Mary Jannet Lawrence is a Cayman politician who served as Speaker of the House during the last United Democratic Party administration. Lawrence is also a historian, educator, writer, mother of six and long-time resident of Bodden Town.

== Early life ==
Lawrence was born in Nicaragua to her parents Copeland and Otilla Boden. Her family moved to Bodden Town when she was 7 so she could attend school there.

== Career ==
Early in her career, Mary worked in both public and private schools helping children in Bodden Town receive an education. She made it her mission and worked with students in the public system who had difficulty functioning in a regular classroom setting. Along with being a teacher, she worked as a writer, editor and publisher. Alongside those careers, Lawrence and her husband were "house parents" in a home for troubled youth in Bodden Town. They fostered and consulted numerous children and families in their region.

Lawrence was one of the founding members of the Justice of the Peace Association where she served for over 30 years. She also served as the president of this organization from 1997 to 1999. Lawrence restructured the role of justices in the legal system and established a training program. She also led two units of the Commonwealth Magistrates and Judges Association Millennium Conference in Scotland in 2000. Lawrence was also a founding member of the National Counsel of Social Services as well as the president of the Drug Advisory Council, which was the forerunner of the National Drug Council. While working in social services, she helped restructure residential homes for children and young people which led to the creation of the CAYS Foundation. She worked in this program in the early days serving as a helper to get the foundation on its feet. Lawrence was also an Inspector of Prisons, member of the Immigration Board, Education Council, and a member of the Adoption Board.

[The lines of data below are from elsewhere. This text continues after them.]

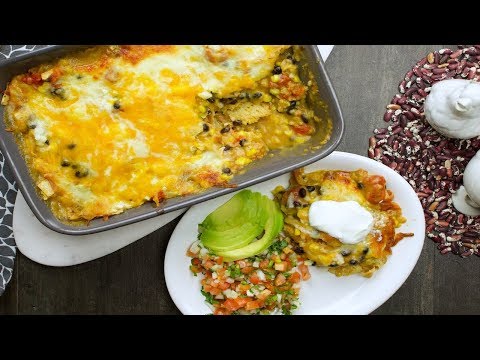 Vegetarian Black Bean Casserole by Naughty Food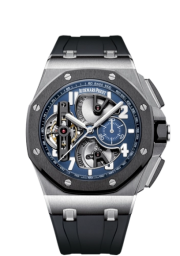 Audemars Piguet Royal Oak Offshore 44-26388PO.OO.D027CA.01 (Blue Rubber Strap, Openworked Blue Arabic Dial, Black Ceramic Smooth Bezel) (26388PO.OO.D027CA.01)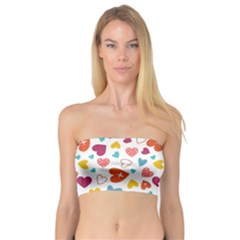 Colorful Bright Hearts Pattern Bandeau Top by TastefulDesigns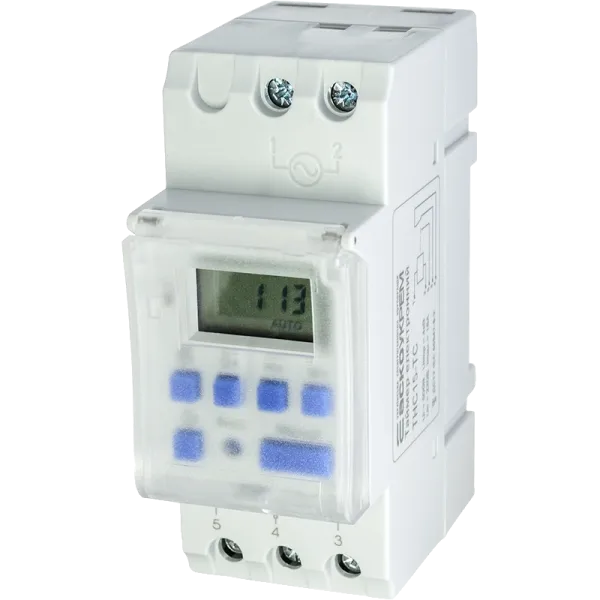 Аско THC15-TC Таймер тижневий електронний з прозорою кришкою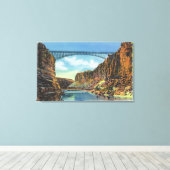 ナバホ橋の眺めリーのフェリー キャンバスプリント (インサイチュ (ウッドフロア))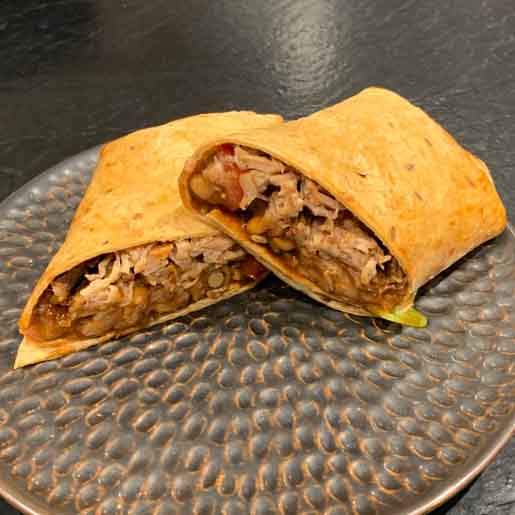 Pulled Pork Wrap
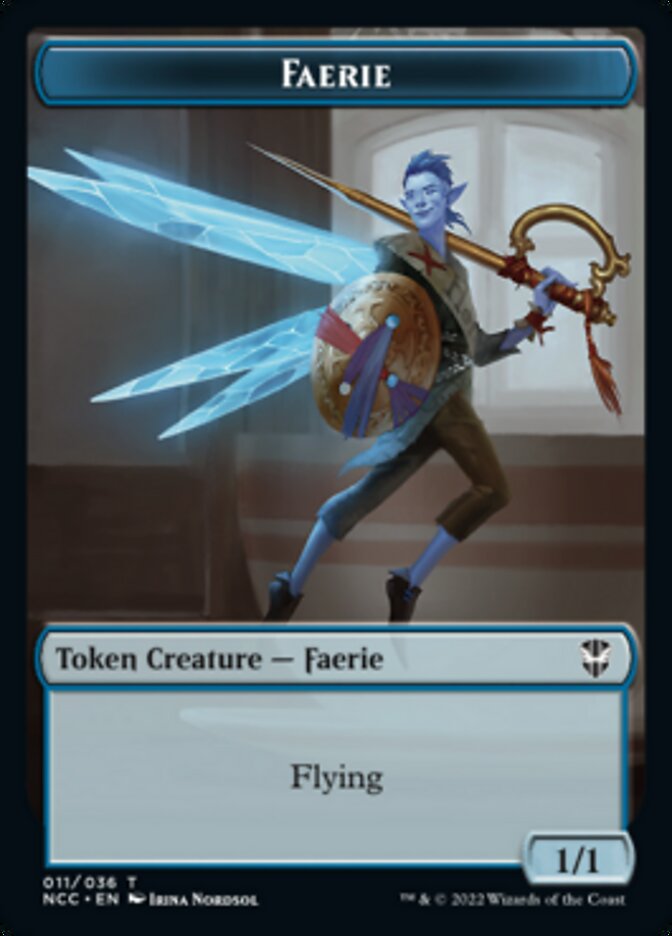 Faerie // Rogue Double-sided Token [Streets of New Capenna Commander Tokens] | Cards and Coasters CA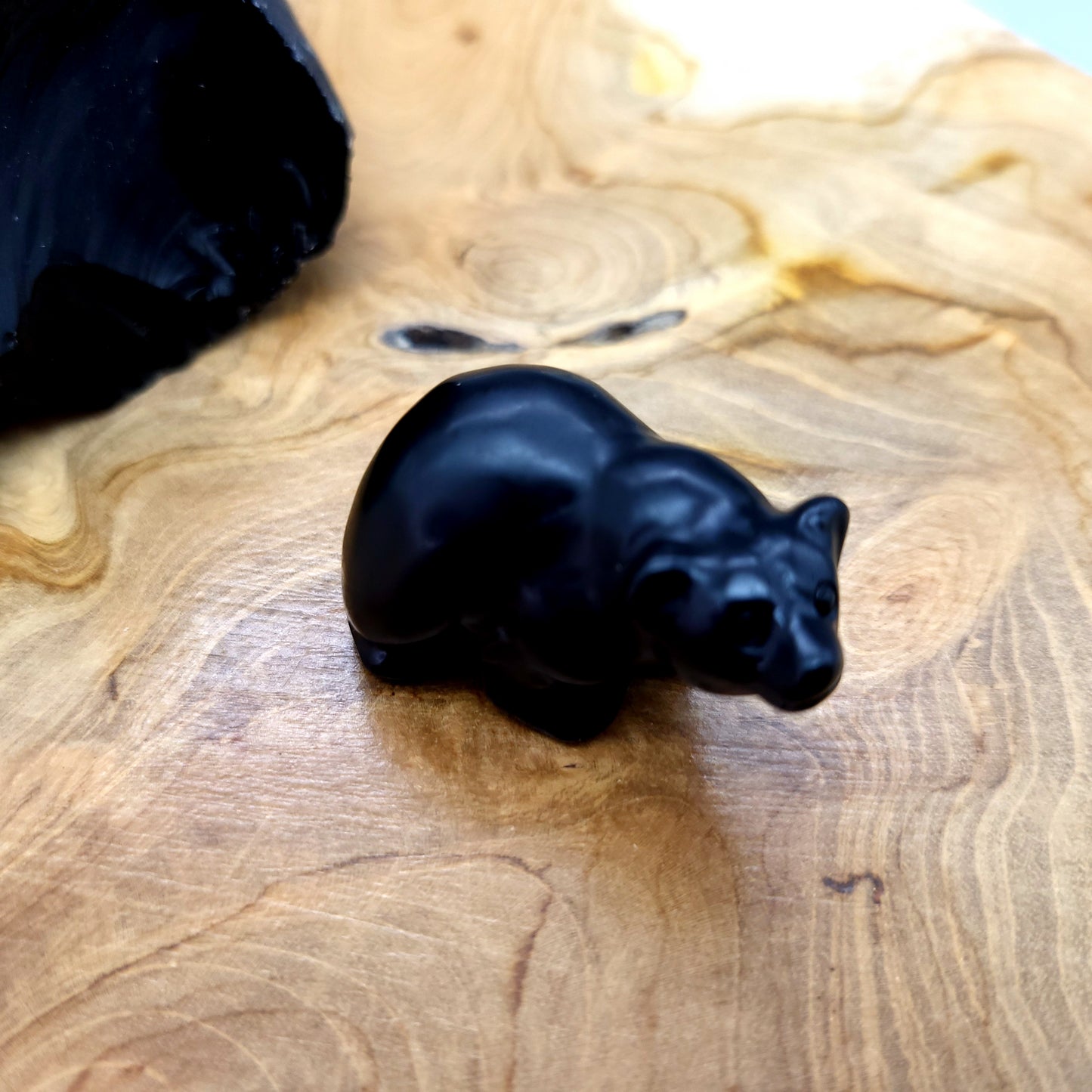 PETITS OURS ANIMAUX EN PIERRES ET FORMES AU CHOIX - SCULPTURES UNIQUES & ARTISANALES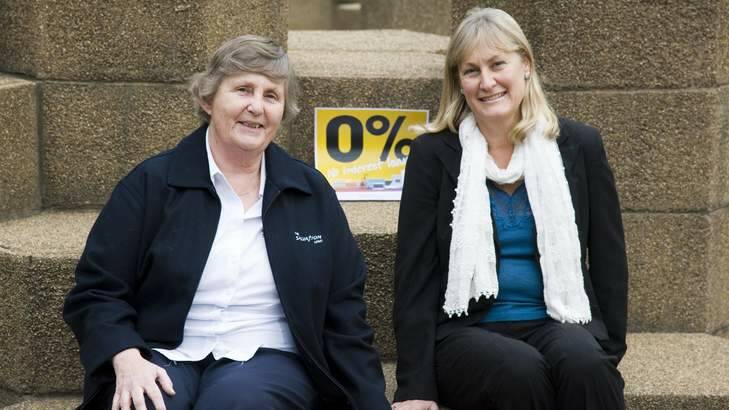 Salvation Army Captain Christine Gee and Care Inc director Carmel Franklin have been announced as the providers of a No Interest Loan Scheme that assists concession card holders and low to middle income families with cost of living pressures. Photo: Elesa Kurtz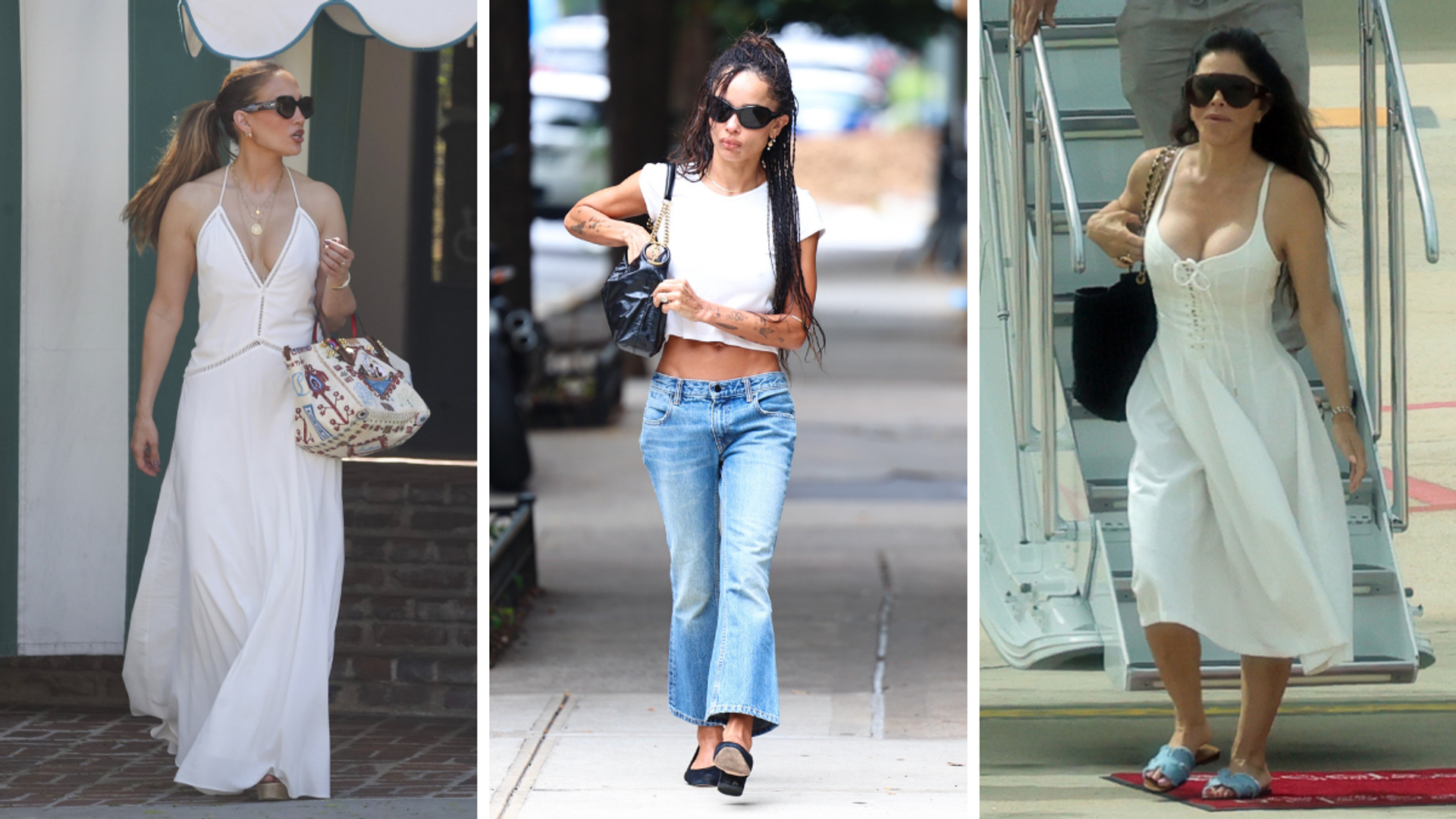 Jennifer Lopez, Apple Martin, Dakota Fanning and Zoë Kravitz among the celebs closing out summer in breezy white looks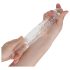Addicted Toys - penis sleeve med kuglering - 23cm - gennemsigtig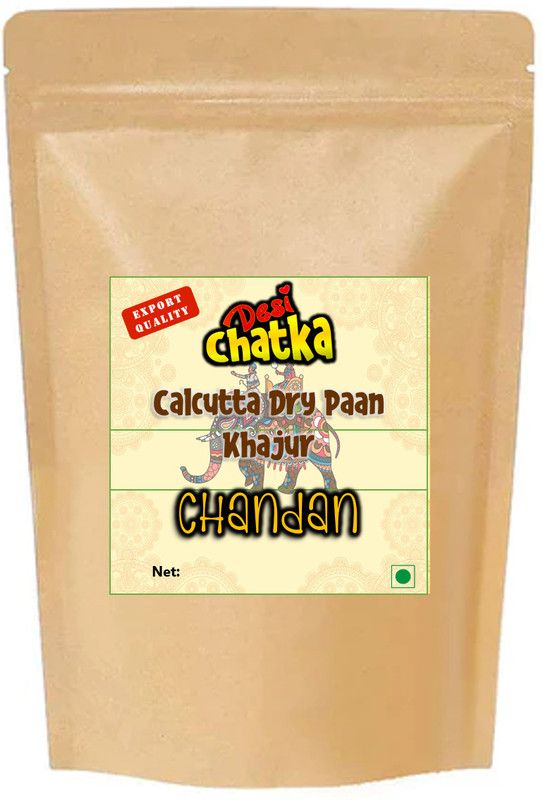 Desi Chatka Calcutta Dry Paan with Khajoor Chandan Flavor 500 g in a pouch Chadan Mouth Freshener  (500 g)
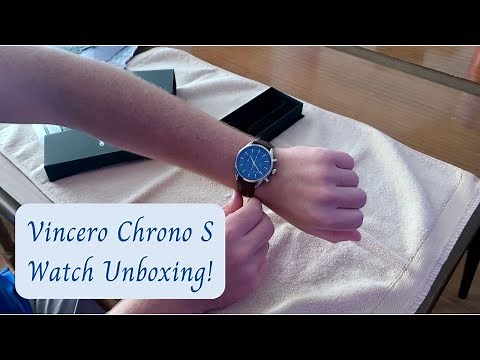 Unboxing the Vincero Chrono S 40mm || First Impressions!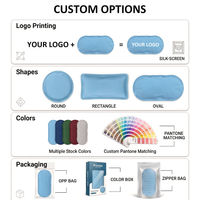 Packs de gel réutilisables pour soins de santé, refroidissement, logo personnalisé pour soulager la douleur et le stress, pack de glace en gel
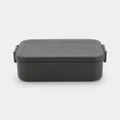 Make & Take Lunch Box (Dark Grey) - Medium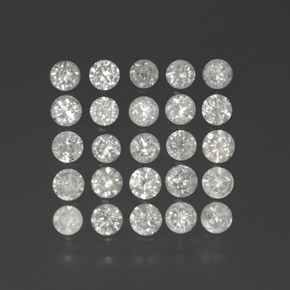 1.33 ct White Diamond Stone, Natural Diamond in Diamond-Cut Shape for Sale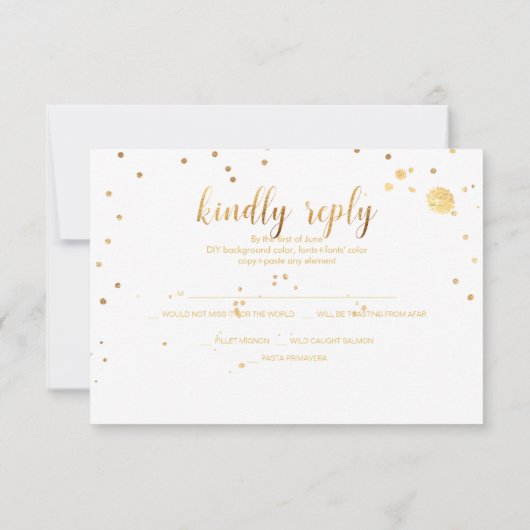 PixDezines RSVP Dazzled/Faux Gold/do-it-yourself A (Dos)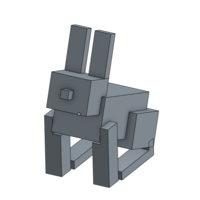 Small Minecraft Rabbit 3D Printing 103500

In 2009, then-Premier of the Cayman Islands McKeeva Bush appointed Mary J. Lawrence to serve as Speaker of the Legislative Assembly. Following her acceptance, she was sworn in for a four-year term where she was president of the local branch of the Commonwealth Parliamentary Association. Within these positions, she hosted conferences and was a representative of the Legislative Assembly at different conferences. This was the first and "only time that that section of the Constitution allows the Legislative Assembly to draw its Speaker from the community was exercised." During this time Lawrence was charged by the governor and Cabinet to plan and execute a week-long celebration for Her Majesty's Diamond Jubilee which is a celebration home of the Cayman Islands.